Well sort of. There are still parts of Canada that ignore Daylight Savings Time and stay on standard time. How can they? How can they put up with the shorter evenings in spring and summer? It’s true that at the start of the switch to Daylight Savings Time, you may get up in the dark – depending on when you get up. If I stay in bed about 10 minutes more than my usual wakeup/get up time, it will start to be daylight. And the daylight will just increase at both ends of the day in the next few months. It will be glorious to go out in the evening in daylight, even just to go grocery shopping. I don’t grocery shop in malls, so enter grocery stores and small shops from the street. So the potential for lots of daylight evening strolls is there.
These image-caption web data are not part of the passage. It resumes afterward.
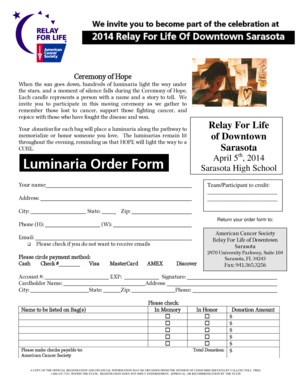 Relay For Life Luminaria Order Form
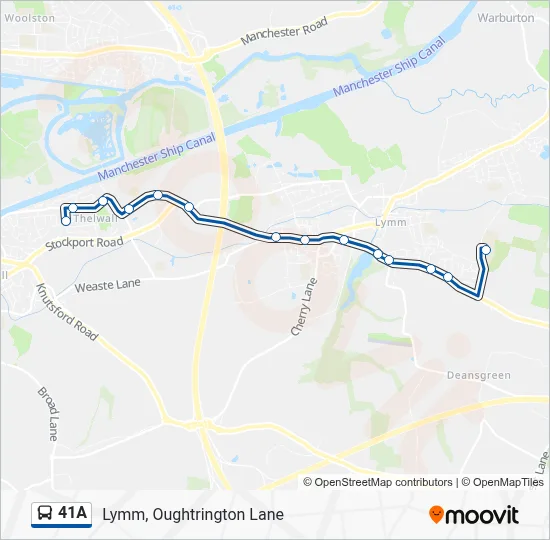 41A Route: Schedules, Stops & Maps - Lymm, Oughtrington Lane (Updated)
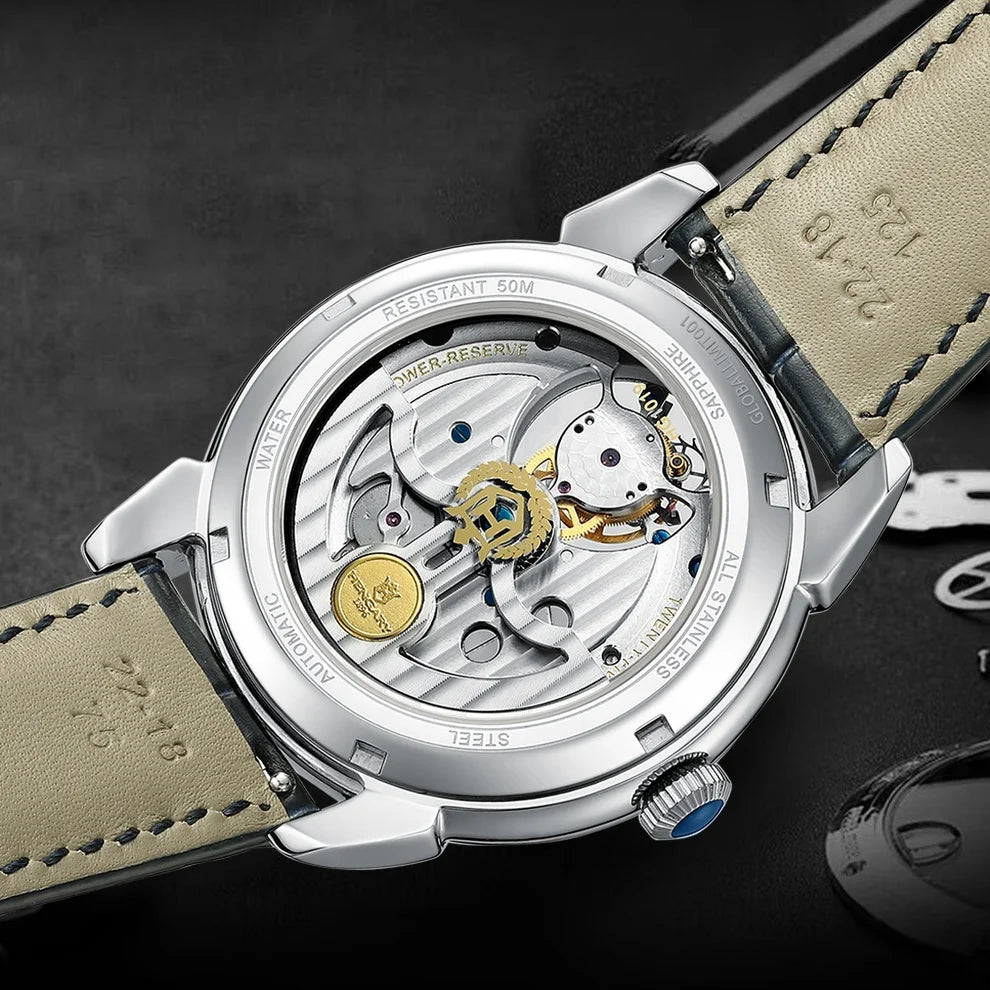 HENGARY Luxury Diamond-Set Tourbillon Gentlemen's Watch- Automatic Movement  Black Calfskin Strap 50m ATM 43mm Dial Zircon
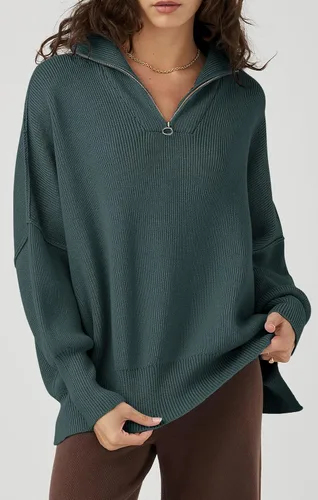 Vista 4 de PRETTYGARDEN Womens Fall Pullover Oversized Long Sleeve Zip Up Lapel V Neck Knitted Tops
I feel I am literally living in the dark evenings in winter. Even when I stay in and am working on my writing, or editing a client’s manuscript, I hate doing it in dark late afternoons or early evenings – artificial light, not matter how great just doesn’t do it for me. When the sun is shining in the evening I feel like I’m shining; I feel like I am living a lighter life with some promise. And when gardening season gets going (i.e. snow and all that other winter weather crap is gone for another season) I am out in the garden and just enjoying it all.
And I need to stop raving about DST here and state a few facts. Not all of Canada switches over to Daylight Savings Time. The province of Saskatchewan is one of those areas, plus parts of Manitoba. The latter even wants to extend this no change – year round standard time. I would second that no change – but with year-round Daylight Savings Time, not year-round Standard Time. Apparently British Columbia’s premier wants to extend DST to year round and the Yukon Territory is on the same enlightened (pun intended) change – to stay permanently on Daylight time once they change to it this weekend. Here is their story.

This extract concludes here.